**Task statement**
In the data below, find the line containing "Bath & Body"; transcribe it and each line after it exactly, through the last, skipping pictures.

**Data extract**
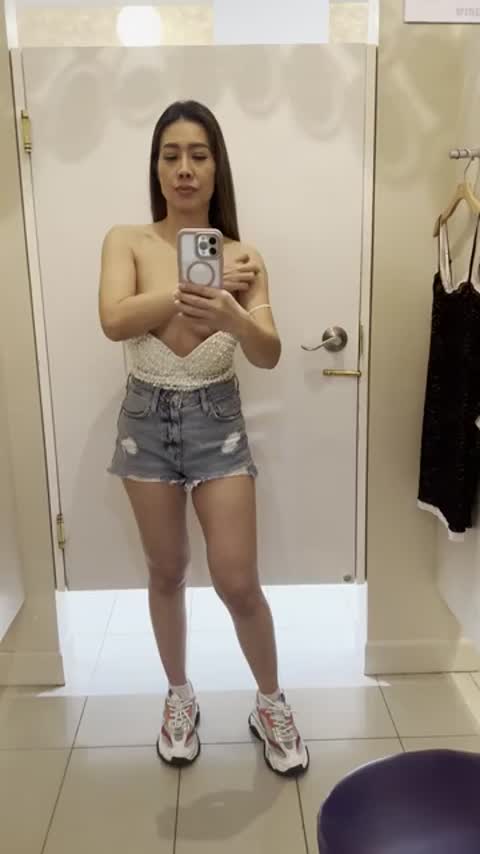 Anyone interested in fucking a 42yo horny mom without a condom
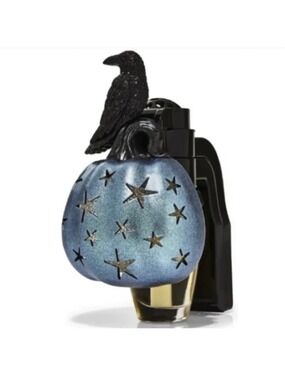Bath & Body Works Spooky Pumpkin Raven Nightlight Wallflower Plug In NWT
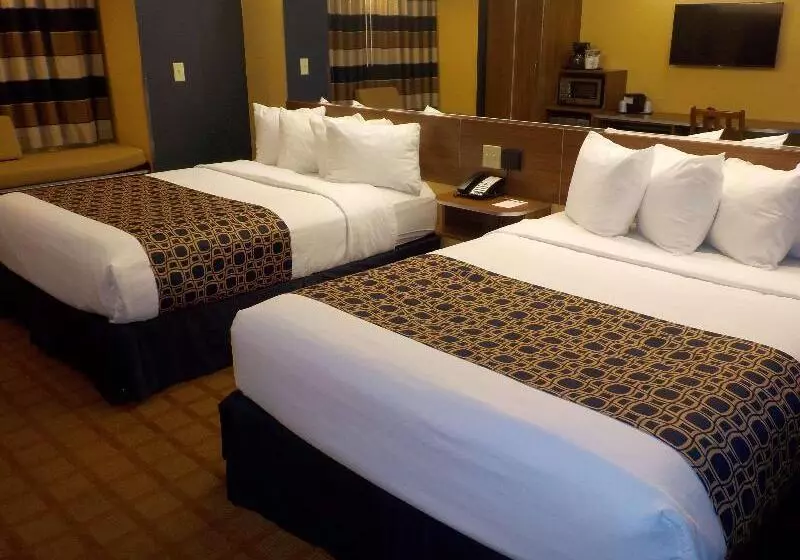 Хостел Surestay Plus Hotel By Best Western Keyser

**Exercise answer**
Bath & Body Works Spooky Pumpkin Raven Nightlight Wallflower Plug In NWT
 Хостел Surestay Plus Hotel By Best Western Keyser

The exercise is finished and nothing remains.